Steamストアページのスクリーンショットより。通常のカメラ設定では地表から俯瞰ができず、このような構図はお目にかかれない。もちろん、そういった「特別なスクリーンショット」は本作だけではないのだが。
Steamストアページのスクリーンショットより。通常のカメラ設定では地表から俯瞰ができず、このような構図はお目にかかれない。もちろん、そういった「特別なスクリーンショット」は本作だけではないのだが。

 

ジャンルの頂点とその先へ

『Planetary Annihilation: TITANS』は古典RTSの頂点だ。その肝となる敵要所の推測と戦略的機動は、現代ゲーム技術で大きく拡張された。星系全域の戦場を複数台のカメラで多角的に捉えるプレイ体験は新しい。プレイ以外の部分も、ゲームの上達に必要なものは一通りある。チュートリアルで丁寧に惑星の破壊手段を学べる。銀河の星々を巡り、技術を集めてコマンダーを強化するキャンペーン「ギャラクティックウォー」は、ゲーム設計を学ぶのに最適だ。ランクマッチのトッププレイヤーのリプレイも手軽に再生でき、プレイの参考になる。今から古典RTSをはじめるなら本作は最高の選択だ。

次世代という言葉に興味をもったRTSファンは、変わり栄えのないトップビューに落胆するだろう。だが、複数カメラの同時表示には可能性を感じる。それを用いた演出で画面の印象がかわるかもしれない。小さくて愛らしいロボットの大群や、美しい惑星爆発といったアートワークが気に入ったなら、本作の名前をおぼえておいてほしい。
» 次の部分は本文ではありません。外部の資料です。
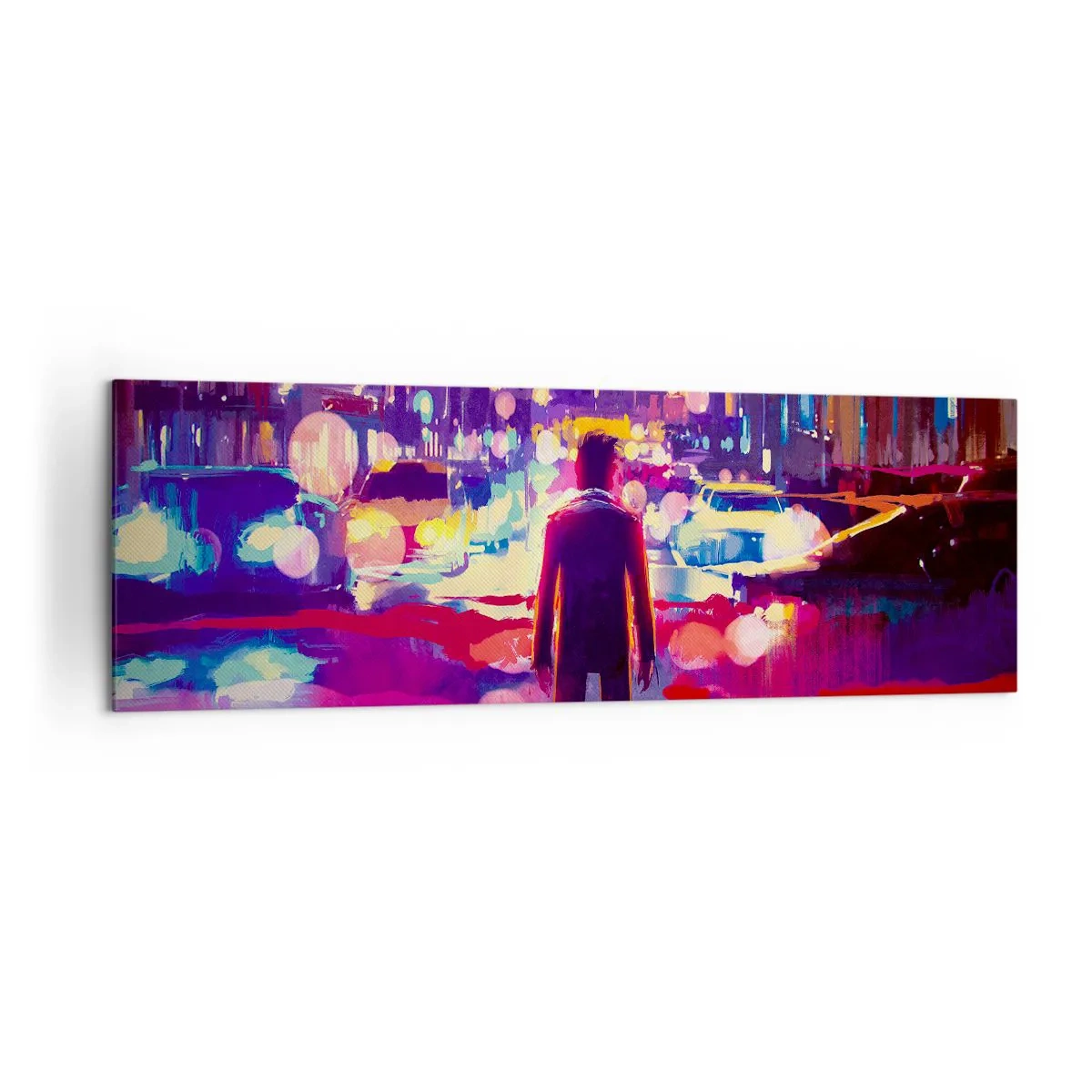 Cuadro sobre lienzo - Impresión de Imagen - Un hombre en una escena nocturna de la ciudad de neón. - 160x50cm - Inmerso en la luz - Decoración de pared moderna para salón y dormitorio ARTTOR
左が通常カメラの最大ズーム。右がデバッグ用カメラモードで数分かけて撮ったもの。同じシーンでも視点でここまでかわる。右のような絵を自動で出してくれたなら、本作の印象はちがったものとなった。
左が通常カメラの最大ズーム。右がデバッグ用カメラモードで数分かけて撮ったもの。同じシーンでも視点でここまでかわる。右のような絵を自動で出してくれたなら、本作の印象はちがったものとなった。

思い切って、ここ近年のハイエンドPCを所持するヘビーゲーマーを視野に、4KHDやデュアルモニタに対応してほしかった。激戦や爆発を楽しめる演出用カメラやグループカメラを、2枚目のモニタで常に表示できるなら―― 筆者は、次世代RTSにふさわしい次世代ゲーム環境への拡張を検討する。